Short of being allowed to climb the rigging and fire the guns visitors are offered a creative, immersive experience of a bustling seaport at the turn of the c19th with all sorts of quayside activities – including press gangs. The dummies used to recreate the many scenes both on ship and in shops are utterly convincing. My personal favourites were the ship chandler’s and the cafe where staff and food are real and prices disappointingly up to date (but reasonable nevertheless).
Attached to the navy museum is the equally fascinating, if more conventional, Museum of Hartlepool defined, as far as I’m concerned, by its showcasing of an event shared by Whitby and Scarborough further down the coast – the prolonged and devastating bombardment by German warships which took place on 16th December 1914. One of the most poignant artefacts on display is the ‘bombardment clock’, stopped by a still-embedded shell fragment at 8:03 am, the time the attack started. The museum offers a lot more and needs a report of its own.
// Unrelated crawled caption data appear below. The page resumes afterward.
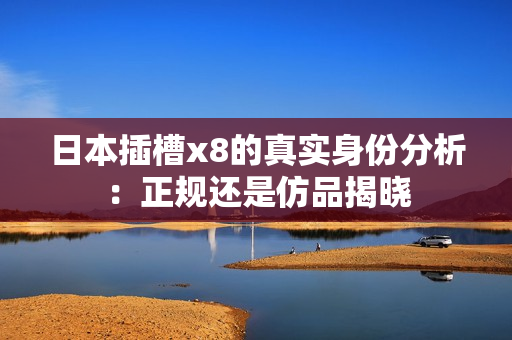 日本插槽x8的真实身份分析：正规还是仿品揭晓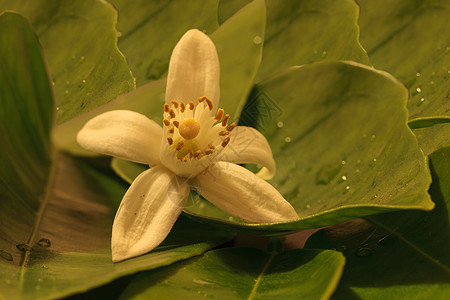 白香橙花绿色香味香水芳香橙花水果图片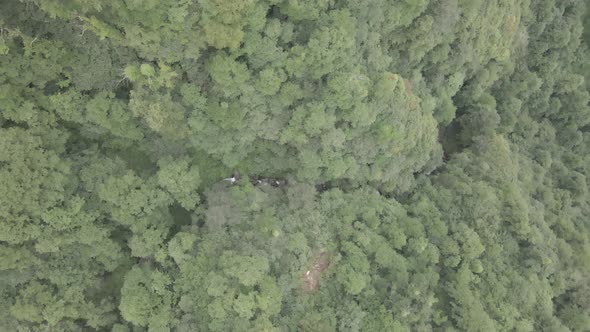 Mtirala National Park from drone, Adjara, Georgia. Flying over subtropical mountain forest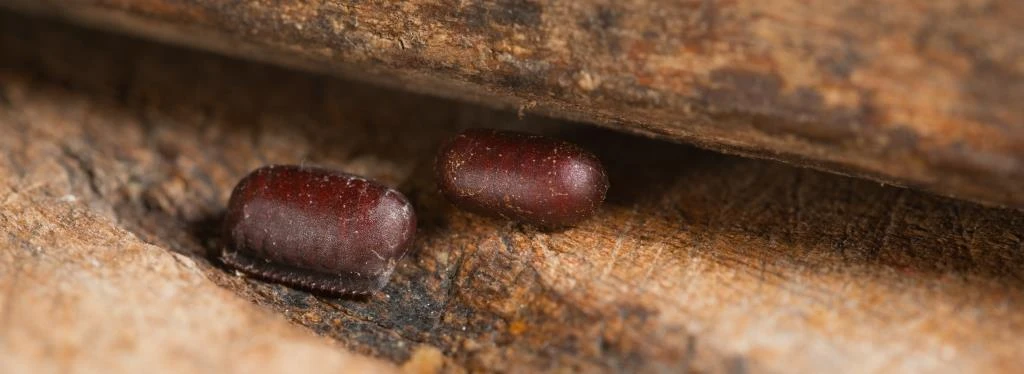 Egg capsule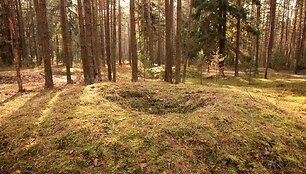 Grybi&scaron;kių ąžuolo pėsčiųjų mar&scaron;rutas
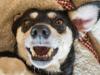 Mischlinge sind seit 2017 laut des Tierregisters Tasso die beliebtesten Hunde der Deutschen. 43 Prozent der Haushalte mit Hund haben sich für eine Kreuzung aus mehreren Rassen entschieden.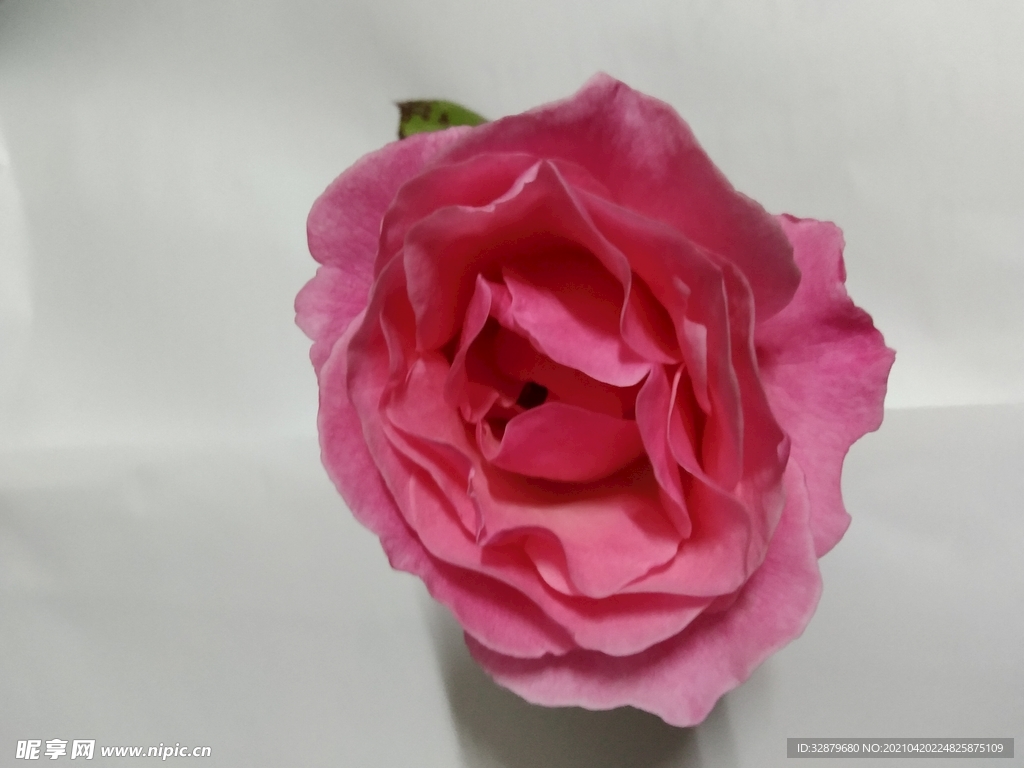 玫瑰花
So, for £8 online or £10 on the day you get two museums for the price of one. The ticket lasts a full year which, in my book, represents super value. We’ll certainly be heading back given that there was a new display opening soon after our visit. Although it’s in the centre of Hartlepool access is good though improved slightly by arriving on the A179 from the north. Parking is cheap and plentiful directly outside the museum. I believe the museum’s next restoration project is the paddle steamer PS Wingfield Castle which was actually built at Hartlepool and has functioned within the museum for some years. They also have a Rescue Motor Launch RML 497 in the adjacent hangar which, as far as were aware, wasn’t open to visitors.
It should be clear by now that I enjoy museums but even so I’m frequently intimidated by the amount of information there is to take on board (no pun intended). Presentation is crucial, particularly written information which needs to be concise and sufficient (tough call but some museums achieve it including this one). Some audio works but I find it generally distracting. Well written and illustrated guide books that cover the technical minutiae are always appreciated and invariably purchased (my library is a large one).
We invariably plan our visits during school term, however that often means swapping crocodiles of kids and harassed teachers for overly nurturing, loudly exclaiming, and hardly less harassed parents. It’s a tough call though, as having been a parent myself I can still appreciate the difficulties.
In fairness, it’s a brilliant experience for all ages and an environment – particularly the ship – to which kids are perhaps better suited than adults. Decks are low and beams hard; I suffered a ‘tap on the napper’ as soon as I was aboard (I asked the guide how the sailors avoided injury when the ship was pitching and rolling at sea and apparently they didn’t!). All in all, it was money well spent and we both had a great time on a day I’ll otherwise remember as being utterly ‘dreek’. Highly Recommended.